Louisette semble sortir d’un ouvrage de botanique. Colette emploie, pour la décrire, un vocabulaire plutôt habituellement réservé à la description des plantes grasses. « Louisette n’était qu’une jeune fille fleurie de toutes parts [...] ». Elle possède « une rondeur » « portée à un point de succulence extraordinaire. »
Louisette ne trafique pas sa beauté. Elle est rousse et pleine d’éphélides qu’elle ne cherche pas à faire disparaître. « Une blonde, même un peu plus que blonde, à la limite de la rousseur, des grains de son sur les joues et le front, les cils couleur de feu. Mais rien des roux albinos, au contraire une vigueur extraordinaire de teint sous une volée de taches de son, et les yeux sablés, comme les joues, de petits grains marron sur un iris gris-vert. »
Louisette ne connaît pas les produits de protection solaire. Elle se laisse bronzer par le soleil. Cette jeune paysanne n’est, toutefois, pas à confondre avec une « fille bronzée des plages ». Son bronzage est de type agricole, c’est-à-dire limité aux parties découvertes de son corps. D’ailleurs, elle ignore le maillot de bain. Le soleil hâle son visage (« coloris triomphant de la figure ») et lui donne cet effet « bonne mine » promis par les terres de soleil. Le rayonnement ultra-violet se glisse dans son décolleté, pour y dessiner un « petit triangle hâlé dans l’ouverture de la chemisette ».
Louisette ne connaît pas le parfum. « Pas d’autre parfum que la fragrance un peu roussotte des cheveux. Aux instants d’émotion, je respirais sur elle l’odeur de cette plante... allons cette papilionacée à fleurs roses... qui sent la blonde en moiteur... La bugrane, merci. » Pour Colette la « blonde qui transpire » possède une odeur animale. La bugrane n’est pas une plante traditionnellement utilisée en parfumerie. On lui prête une odeur fade, rance ou bien de bouc ou même encore de crottes d’ânes ! Louisette est une femme odoriférante. Conseillons-lui si, toutefois, elle consent un jour à se parfumer à ne pas faire de « gaffe » et à choisir un parfum pour blondes, c’est-à-dire un parfum « suave », à base de violette, de lys, de rose, de jasmin, d’oeillet, de magnolia, de lilas blanc, d’héliotrope, de vanille, de muguet des bois... tel est le conseil de Paul Devaux dans son ouvrage « Les auxiliaires de la beauté » (1887) !
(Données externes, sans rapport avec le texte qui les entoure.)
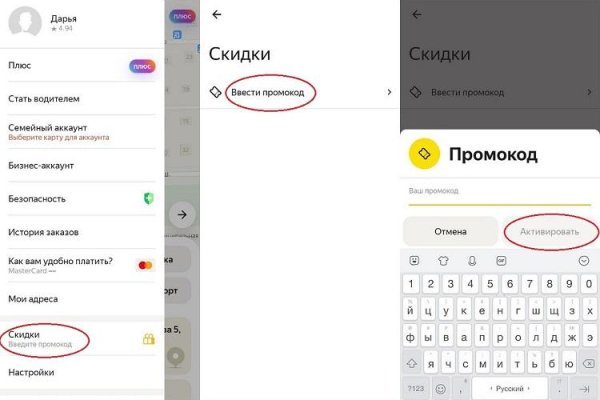 Как выйти на кракен
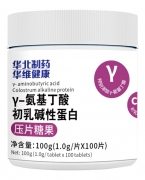 γ-氨基丁酸初乳碱性蛋白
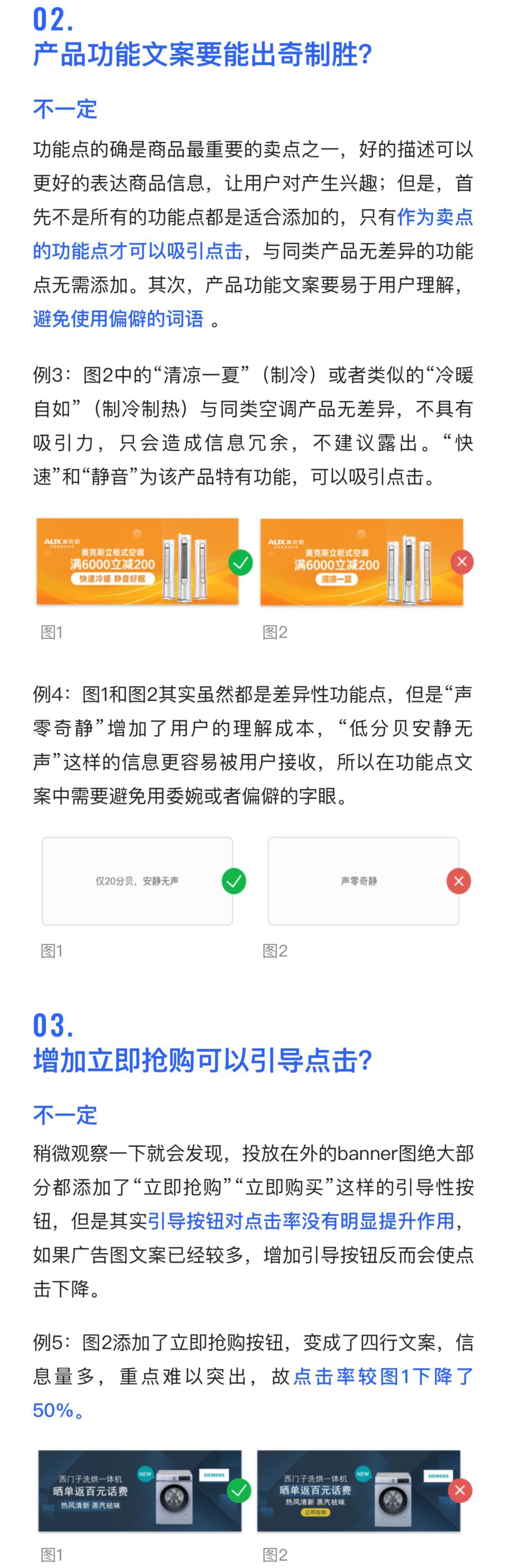 ������������OӋ�c�����ߵ�Banner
Louisette ne connaît que le khôl, ce cosmétique à la mine dure qui permet d’agrandir le regard en deux temps trois mouvements. « [...] elle avait prolongé l’angle extérieur de ses paupières au moyen de deux petits traits de crayon. »
La morale de l’histoire est toute simple : pour être belle comme un tendron... une seule solution « être un tendron ». Aucun cosmétique aussi gourmand soit-il ne pourra permettre d’atteindre la succulence des jeunes années !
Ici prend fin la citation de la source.